Texas Instruments slumps as chip demand keeps “hovering at the bottom”
The chipmaker beat on earnings, but like SK Hynix, investors are putting more weight on its less-than-stellar outlook than the recent past.
Texas Instruments is one of the worst-performing S&P 500 constituents in early trading as management warned that first-quarter profits would likely come in well below what Wall Street had penciled in.
The chipmaker, which people of a certain vintage most associate with the big graphing calculators we lugged around in high school, posted fourth-quarter results that beat analysts’ expectations on the top and bottom lines. But, like SK Hynix, investors are putting more weight on its less-than-stellar outlook than the recent past.
The divergence in demand for chips for AI (good) versus ex-AI (not good) that management teams across the industry have been highlighting for many quarters is ongoing, a trend underscored by Texas Instruments’ guidance.
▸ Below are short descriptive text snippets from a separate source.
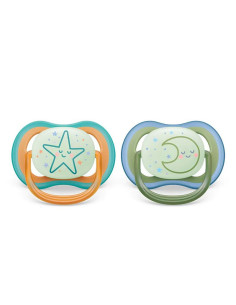Ортодонтични залъгалки Philips Avent Ultra Air Night (18+м.) звезда/луна 2 бр.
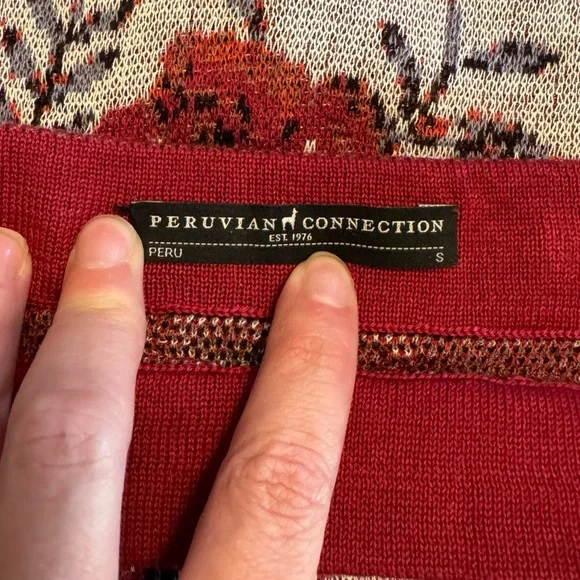 Peruvian Connection Knit Sweater Skirt Floral Size Small - Picture 3 of 3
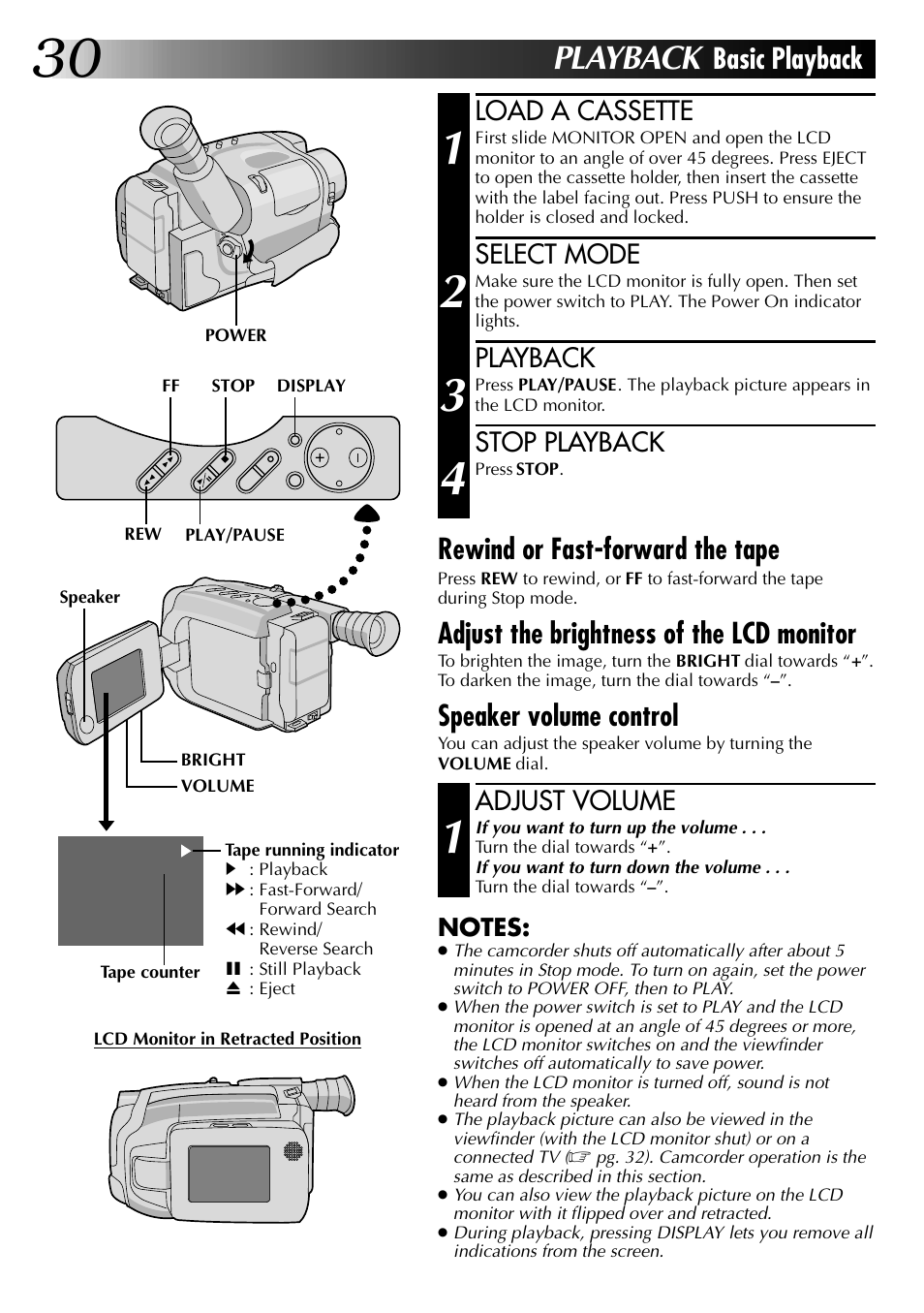 Playback, Basic playback, Rewind or fast-forward the tape | Adjust the brightness of the lcd monitor, Speaker volume control, Load a cassette, Select mode, Stop playback, Adjust volume | JVC COMPACT VHS LYT0002-0N5A User Manual | Page 30 / 52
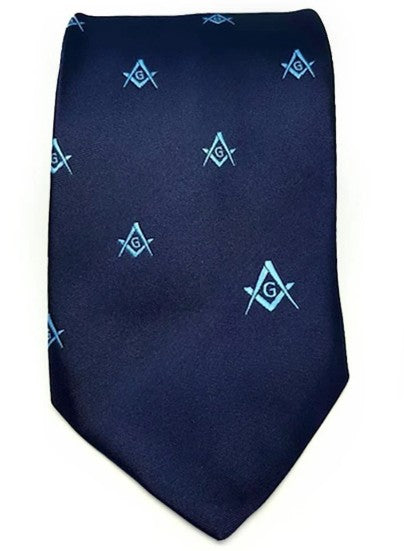 Masonic Regalia Craft Masons Silk Tie Embroidered Square Compass & G Blue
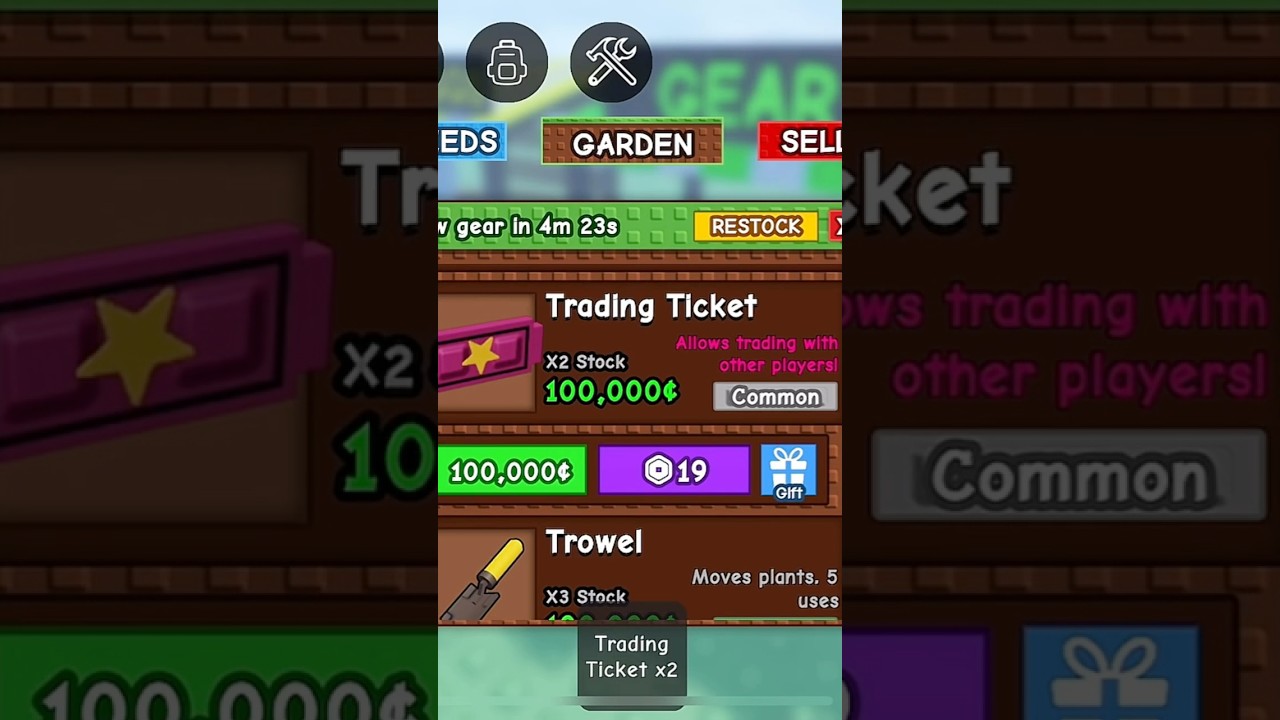 Buying a Trading Ticket allows you to be able to trade pets with other players in Grow A Garden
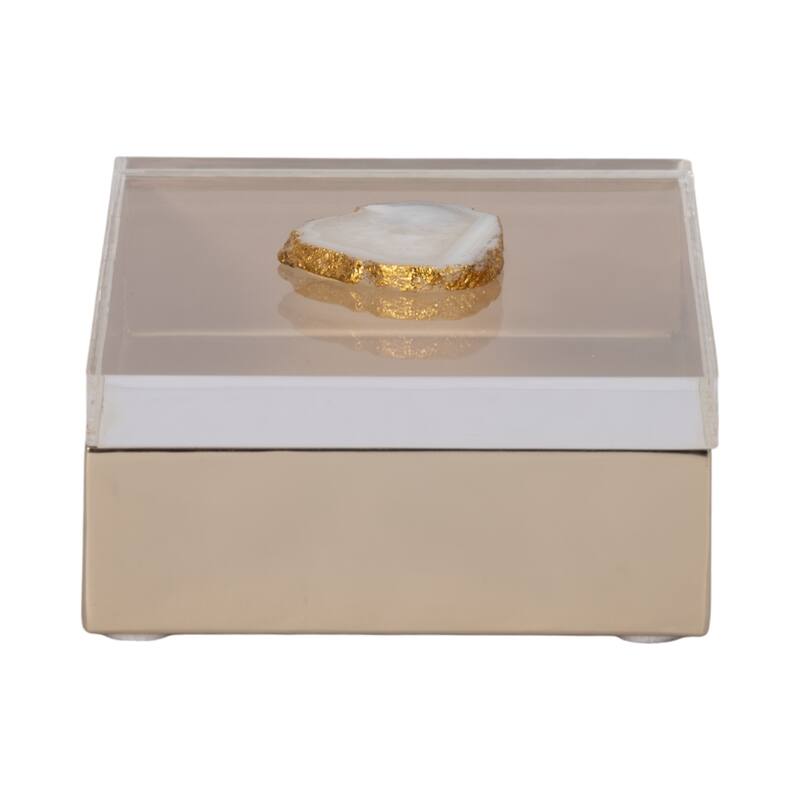 Decorative Box with Lid & Agate Stone Knob - 7", Gold & White - 7.0"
The company, which has seen sales slip year on year for nine consecutive quarters, has testified to the prolonged period of seeing demand “hovering at the bottom” in its key markets.
“If I start with the industrial market, as I described, I think, during the last call, most of the sectors are kind of hovering at the bottom, maybe found the bottom,” President and CEO Haviv Ilan said on a conference call following the release of the results.
In the previous earnings call, Ilan said, “We are seeing — most of the sectors I would characterize are — have found the bottom, but are kind of hovering at that bottom.”
This persistent divide in demand within the industry speaks to a conundrum: AI is supposed to be sufficiently revolutionary so as to drive upgrade cycles across different end markets and lift all boats for demand. Instead, we’re seeing concentrated pockets of strength on the one hand and a U-shaped bottom in many key markets on the other, with the upward-sloping end of that letter a seemingly elusive hope.
(This point is a little less pertinent when it comes to Texas Instruments in particular, whose sales are more industrial and automotive centric than consumer electronics focused, but still holds for semis generally.)
The significant underperformance of Apple’s stock as of late can be viewed as an extension of this dynamic.